Biraz saçmalıktan hoşlandığını itiraf eden bir donanım ve yazılım tutkunu, DOOM’a mikro dönüşümleri de ekledi. İle Guy Dupont’un DOOM moduOyunda bir öğeyi her aldığınızda, QR kodu aracılığıyla bir ücret ödenmesi gerekir. DOOM, 1993 yılında bir paylaşımlı yazılım oyunu olarak piyasaya sürüldü ve belki de Dupont’un modu, oyun yapımcılarının 30 yıl sonra nasıl gelir elde edebileceğini düşünmemizi sağlamak için burada. Ya da belki de bu sadece saçmalıktır.

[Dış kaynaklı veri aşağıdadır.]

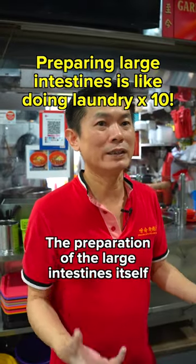Preparation of the big intestine itself takes up the most time, about 3 hours of my time.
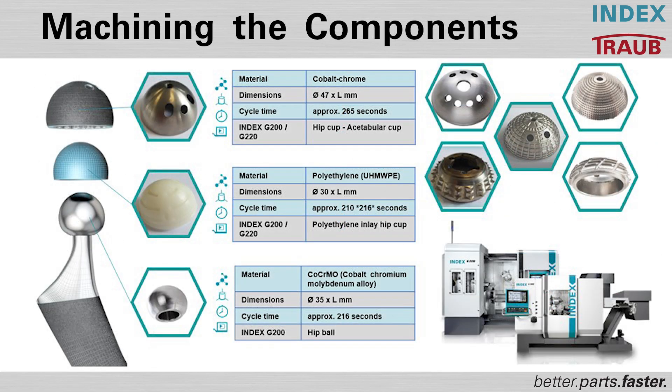For the four parts, there are different material solutions. For example, in the cemented version, cobalt chrome is used for the hip cups, whereas in the cement-free version, titanium is very often used.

DOOM’u yeni şeyler üzerinde çalıştırmayı DURDURMAMIZ ve DOOM’a yeni şeyler koymaya BAŞLAMAMIZ gerekiyor. Örneğin bugün orijinal oyuna mikro işlemler ekledim. Bir öğeyi her aldığınızda, ödeme yapana kadar oyun donar. pic.twitter.com/p9j9eYyOwJ13 Nisan 2024
Dupont’un yukarıda yer alan Tweet/X gönderisinde, teknoloji dünyasının DOOM’u her şeyde çalıştırma takıntısı hakkındaki düşüncelerinin yanı sıra, DOOM mikro işlemlerinin oyuna nasıl çok ustaca harmanlanmadığını gösteren bir video demosunu okuyabilirsiniz. Esprili teknoloji tutkunu, “DOOM’u yeni şeyler üzerinde çalıştırmayı bırakıp DOOM’a yeni şeyler koymaya BAŞLAMAMIZ gerekiyor” dedi.
Bu hikaye, DOOM’un çim biçme makinesi gibi giderek alışılmadık bir donanımda, Not Defteri’nde 60 fps’de veya hatta klavye tuşlarında çalıştığına dair haberlere göre gerçekten de bir değişiklik yaratıyor. Ancak bu ufuk açıcı oyuna mikro dönüşümleri koymayı seçmek kesinlikle hassas mizaca sahip oyuncuları kışkırtmak için yapıldı.
Giriş bölümünde de belirtildiği gibi DOOM, Aralık 1993’te bir paylaşılan yazılım oyunu olarak piyasaya çıktı. Dokuz oyun seviyesinden ilkine ücretsiz erişim sağlayacak bir biçimde Wisconsin Üniversitesi’ndeki bir FTP sunucusuna yüklendi. Yalnızca daha fazla girişimde bulunmak zorunda kalanların oyunun tamamını ödemesi gerekecek.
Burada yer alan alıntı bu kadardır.